When the Protestant Reformer, Martin Luther, was spreading his ideas for reforming the Roman Catholic Church, Pope Leo X issued his famous papal bull Exsurge Domine. In this proclamation, the Pope likened Luther to a "wild boar" loose in the Lord's vineyard. Of course, the Pope intended the name "wild boar" in a derogatory manner. He believed that Luther was a heretic and that the Catholic Church needed no correction. Luther was seen as a dangerous man who must be stopped. Luther was indeed making havoc of the Roman Church, but he was not heretic. He was calling into question many of the false teachings and human traditions that the Church had accrued over the years. Most importantly, he was challenging the system of works-righteous that had usurped the true gospel of salvation by grace alone. Though seen by his enemies as a wild boar, Luther was in fact a man raised up by God to lead the church back to its biblical roots.

The title of this newsletter draws its inspiration from that "wild boar" of the sixteenth century. The editors and writers seek to do for the contempory evangelical church what Luther attempted to do in the Roman Catholic Church. It is our conviction that the church has once again drifted from its biblical moorings, and has adopted beliefs and practices that compromise the gospel. For example, the current move toward "user-friendly" churches which use modern marketing techniques to sell the gospel to religious "consumers" has created a man-centered distortion of Christianity. Here God, Christ, the Gospel, and the Church are consumer products that exist merely to stisfy the "felt needs" (read "idolatries") of the unchurched. There is little focus on sovereignty and holiness of God, no mention of sin and Hell, and no call to discipleship. As John MacArthur writes, "Instead of confronting the world with the truth of Christ, the market-driven megachurches are enthusiastically promoting the worst trends of secular culture."(note 1)
 
Another problem area is the wholesale adoption by evangelicals of secular self-esteem psychology. Christian counselors and pastors are subtly (sometimes blatantly!) buying into the unbiblical idea that people are basically good and that all of our emotional and behavioral problems are caused by low self-esteem. Robert Schuller even goes so far as to say that the worst "sin" a person can commit is to say, "I'm not worthy."(note 2) What ever happened to Paul's "There is none good, no not one." (Rom 3:12)? What about David's declaration that he (along with the rest of us) was a sinner from the time his mother conceived him (Ps 51:5)?

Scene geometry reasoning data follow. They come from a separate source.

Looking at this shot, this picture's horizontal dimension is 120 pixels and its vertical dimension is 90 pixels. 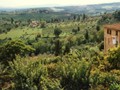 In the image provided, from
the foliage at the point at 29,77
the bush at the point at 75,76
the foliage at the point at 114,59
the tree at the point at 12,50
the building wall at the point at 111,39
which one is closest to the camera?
the foliage at the point at 29,77

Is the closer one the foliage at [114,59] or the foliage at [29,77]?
the foliage at [29,77]

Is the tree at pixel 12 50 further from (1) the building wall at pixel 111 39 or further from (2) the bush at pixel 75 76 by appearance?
(2) the bush at pixel 75 76

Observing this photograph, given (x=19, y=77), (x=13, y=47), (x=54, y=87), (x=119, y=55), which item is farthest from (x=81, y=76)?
(x=13, y=47)

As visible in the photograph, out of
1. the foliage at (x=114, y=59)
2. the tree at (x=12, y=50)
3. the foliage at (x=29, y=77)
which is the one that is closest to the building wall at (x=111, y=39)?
the tree at (x=12, y=50)

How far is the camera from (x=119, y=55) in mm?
28797

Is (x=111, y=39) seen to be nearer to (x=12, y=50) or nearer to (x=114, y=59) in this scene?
(x=12, y=50)

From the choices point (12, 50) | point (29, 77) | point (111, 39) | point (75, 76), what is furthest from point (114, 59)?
point (111, 39)

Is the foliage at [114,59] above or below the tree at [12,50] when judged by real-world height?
above

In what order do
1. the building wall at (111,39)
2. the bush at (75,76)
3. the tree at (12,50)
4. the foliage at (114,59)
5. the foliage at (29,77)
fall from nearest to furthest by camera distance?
the foliage at (29,77), the bush at (75,76), the foliage at (114,59), the tree at (12,50), the building wall at (111,39)

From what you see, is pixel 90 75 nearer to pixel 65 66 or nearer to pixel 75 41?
pixel 65 66

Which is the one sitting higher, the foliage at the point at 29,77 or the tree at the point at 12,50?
the foliage at the point at 29,77

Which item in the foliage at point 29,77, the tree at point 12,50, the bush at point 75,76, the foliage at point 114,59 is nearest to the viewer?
the foliage at point 29,77

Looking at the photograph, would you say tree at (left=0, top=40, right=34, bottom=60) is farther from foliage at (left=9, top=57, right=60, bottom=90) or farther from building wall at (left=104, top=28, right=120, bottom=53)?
foliage at (left=9, top=57, right=60, bottom=90)

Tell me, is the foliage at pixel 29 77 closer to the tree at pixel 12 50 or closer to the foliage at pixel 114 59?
the foliage at pixel 114 59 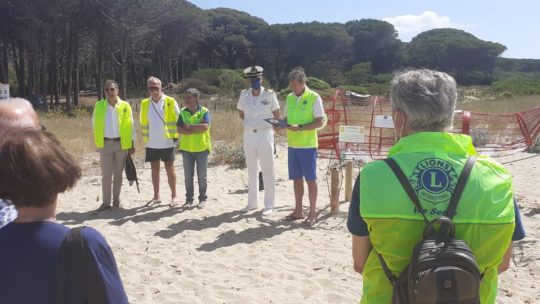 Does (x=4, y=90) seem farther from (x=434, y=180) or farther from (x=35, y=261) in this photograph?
(x=434, y=180)

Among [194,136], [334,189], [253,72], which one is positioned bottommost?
[334,189]

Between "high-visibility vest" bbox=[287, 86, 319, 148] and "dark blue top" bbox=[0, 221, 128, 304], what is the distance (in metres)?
4.66

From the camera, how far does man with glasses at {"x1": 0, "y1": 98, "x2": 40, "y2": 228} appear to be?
6.53ft

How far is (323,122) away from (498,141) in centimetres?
809

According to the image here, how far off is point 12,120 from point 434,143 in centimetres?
164

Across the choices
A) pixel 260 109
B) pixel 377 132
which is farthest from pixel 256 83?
pixel 377 132

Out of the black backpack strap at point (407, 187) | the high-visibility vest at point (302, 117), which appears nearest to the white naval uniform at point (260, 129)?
the high-visibility vest at point (302, 117)

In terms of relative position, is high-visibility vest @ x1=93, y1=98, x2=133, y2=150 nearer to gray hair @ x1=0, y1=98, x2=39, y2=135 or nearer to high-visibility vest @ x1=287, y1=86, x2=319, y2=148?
high-visibility vest @ x1=287, y1=86, x2=319, y2=148

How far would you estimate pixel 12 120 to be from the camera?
2072mm

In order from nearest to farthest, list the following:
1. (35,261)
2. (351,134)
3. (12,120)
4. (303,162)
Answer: (35,261), (12,120), (303,162), (351,134)

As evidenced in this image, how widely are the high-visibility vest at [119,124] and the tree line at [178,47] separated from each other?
79.4 ft

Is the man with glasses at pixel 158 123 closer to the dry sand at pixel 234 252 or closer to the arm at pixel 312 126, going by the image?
the dry sand at pixel 234 252

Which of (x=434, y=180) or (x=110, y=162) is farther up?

These issues are only the tip of the iceberg. They and other problems reveal a desperate need for many evangelicals to become wild boars in this vineyard of error. In this newsletter, we will expose such distortions of truth to the light of Scripture. We will follow the example of Luther, the first "wild boar," and attempt to "demolish arguments and every pretension that sets itself up against the knowledge of God" (II Cor 10:5).
  1. John F. MacArthur, Jr., Ashamed of the Gospel (Wheaton: Crossway, 1993) 71.
  2. Roberts Schuller, Self-Esteem: The New Reformation (Waco: Word, 1982) 98.